The book also goes into some slight detail about his myriad health issues that developed around the same time, including hearing loss, spinal, and nerve damage—all of which has made it difficult for him to continue playing the drums.

As with most memoirs of celebrities, Collins also spends time name-dropping throughout, including a brief encounter with George Harrison during the sessions for All Things Must Pass, his friendship with Eric Clapton, and his role in the ill-fated attempt at a Led Zepplin during Live Aid—Live Aid itself is covered in unrelenting detail due to Collins’ stunt of performing at the UK edition festival before hopping on a Concorde to fly to the US and perform again—another event in his life he reflects on in a deprecating, regretful manner.

Throughout, Not Dead Yet is incredibly self-aware; there are a number of “post scripts” tacked on at the end of certain chapters, and more than once, Collins uses the phrase “at the time of this writing.” The story of his life also wraps up relatively recently—the reissue campaign is mentioned a number of times, and his first “comeback” performance from March of this year is where the book begins.

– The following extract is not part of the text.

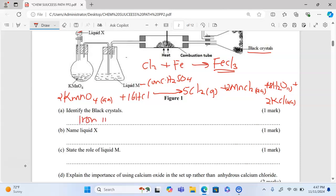Let us now proceed with answering the questions. Part a: identify the black crystals — this is iron(III) chloride. Part b: name liquid X — liquid X is concentrated sulfuric acid.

Outside of the revelation of Collins’ descent into alcoholism, one other tidbit (albeit small) from the book that I found fascinating was his mention of a 2001 tribute album (released in the US in 2003) entitled Urban Renewal, which features artists like Ol’ Dirty Bastard , Lil’ Kim, and Brian McKnight all taking on covering and reinterpreting Collins’ material. Long out of print, I found a number of the songs are available to stream on YouTube.

Similarly, Collins mentions Bone Thugs-N-Harmony, who sampled “Take Me Home” for a song, “Home,” in 2002. He, however, fails to mention that he appeared in the video for the song, which is maybe one of my favorite things of all time.

Not Dead Yet is obviously geared at a specific audience—people who unabashedly love Phil Collins. And if that is you, you should at least give it a read and learn a little more about the man himself. Far from “literature” or brainy prose, it was at least interesting, and for me, growing up with the “pop star” Collins of the 1980s, it made me want to dive into older Genesis material, as well as some of Collins latter day albums that I had slept on.